- Our earnings increased 62% from the third quarter of 2011, driven by the 47% growth in sales and our ongoing focus on continuous improvement in our operations.
- New product introductions were a significant component of our sales growth as new product sales represented $130.3 million or 38% of sales in the first nine months of 2012. New product introductions in the first nine months of 2012 included:
- Ruger American Rifle
- SR22 pistol
- 10/22 Takedown rifle
- 22/45 Lite pistol
- Single-Nine revolver
- Demand for our products outpaced the growth in overall industry demand as measured by the National Instant Criminal Background Check System (“NICS”) background checks (as adjusted by the National Shooting Sports Foundation) for both the third quarter and nine months ended September 29, 2012 as illustrated below:
|Period ended September 29, 2012|
|Increase in estimated Ruger Units Soldfrom Distributors to Retailers||62%||60%|
|Increase in total adjusted NICSBackground Checks||22%||21%|
- Cash generated from operations during the nine months ended September 29, 2012 was $61.8 million. At September 29, 2012, our cash, cash equivalents, and short-term investments totaled $105.1 million, an increase of $24 million from December 2011. Our current ratio is 3.2 to 1 and we have no debt.

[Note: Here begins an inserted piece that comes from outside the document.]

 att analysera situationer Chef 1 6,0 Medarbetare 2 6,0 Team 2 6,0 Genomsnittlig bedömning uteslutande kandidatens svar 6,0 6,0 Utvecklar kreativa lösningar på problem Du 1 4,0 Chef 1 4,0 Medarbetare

- In the first nine months of 2012, capital expenditures totaled $20.3 million, much of it related to new products and the expansion of production capacity. We expect to invest approximately $25 million for capital expenditures during 2012.
- In the first nine months of 2012, the Company returned $17.5 million to its shareholders through the payment of dividends. An additional $7.3 million in dividends will be paid to shareholders on November 26, 2012.
- At September 29, 2012, stockholders’ equity was $174 million, which equates to a book value of $9.08 per share, of which $5.49 per share was cash and equivalents.